# Provided data
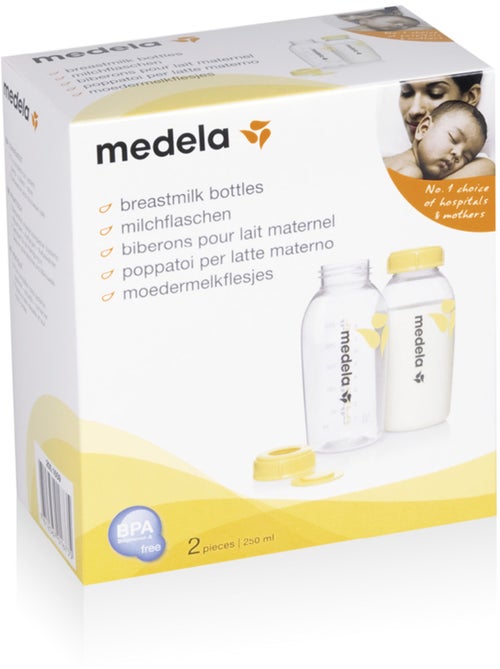 Lot de 2 biberons de recueil Medela 150 ml - Conservation lait maternel - Kiabi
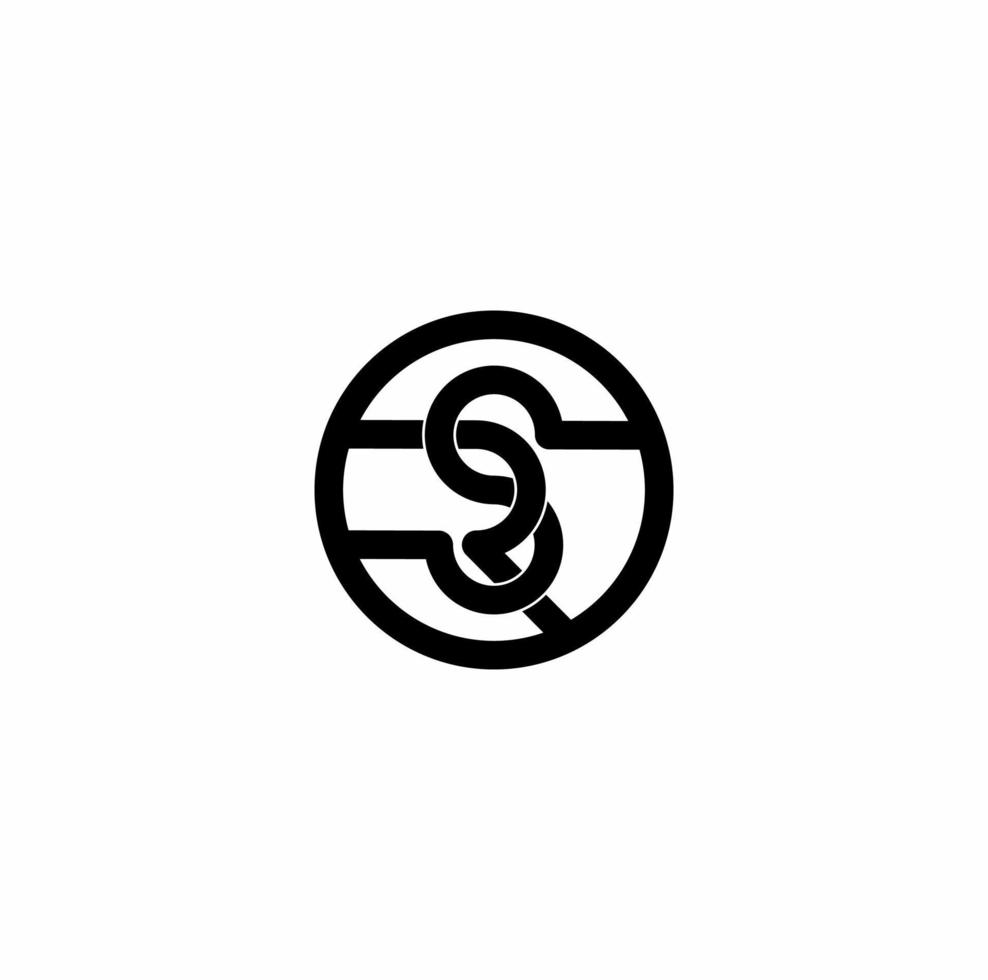 rs sr r s första brev logotyp isolerat på vit bakgrund vektor
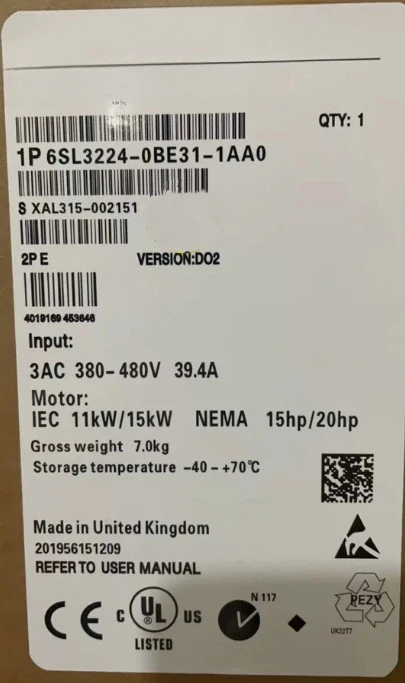 

Brand New Original 6SL3224-0BE31-1AA0 6SL3224 0BE31 1AA0 Fast Delivey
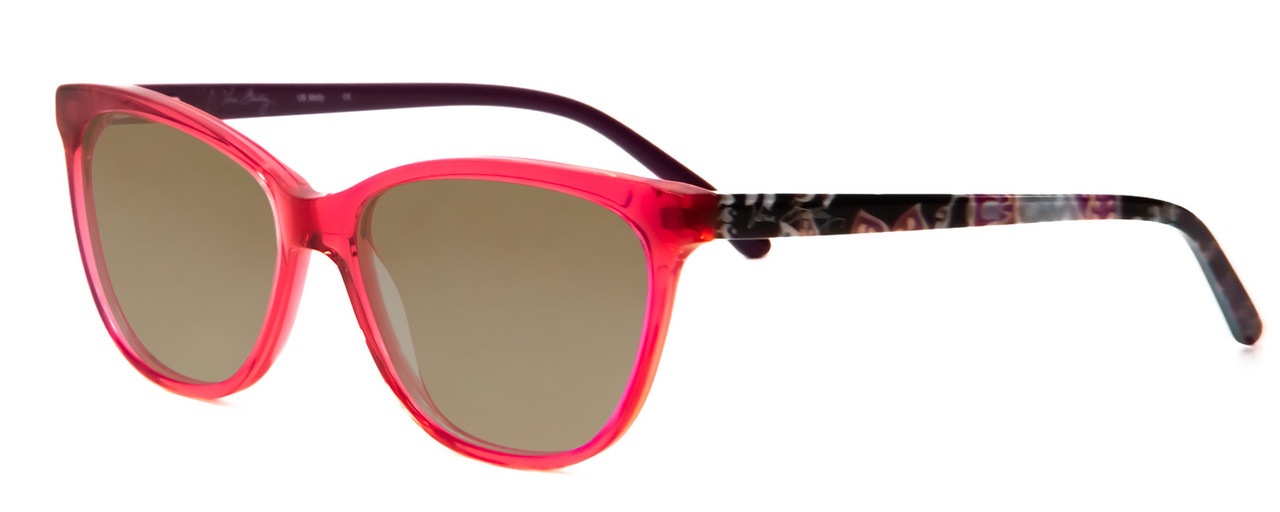 Profile View of Vera Bradley Molly Designer Polarized Sunglasses with Custom Cut Amber Brown Lenses in Alpine Floral Crystal Red Purple Pink Ladies Cateye Full Rim Acetate 54 mm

# Instructions to follow
Please copy the lines above exactly as written, apart from any pictures.

# Output of the task
 Lot de 2 biberons de recueil Medela 150 ml - Conservation lait maternel - Kiabi
 rs sr r s första brev logotyp isolerat på vit bakgrund vektor

Brand New Original 6SL3224-0BE31-1AA0 6SL3224 0BE31 1AA0 Fast Delivey
 Profile View of Vera Bradley Molly Designer Polarized Sunglasses with Custom Cut Amber Brown Lenses in Alpine Floral Crystal Red Purple Pink Ladies Cateye Full Rim Acetate 54 mm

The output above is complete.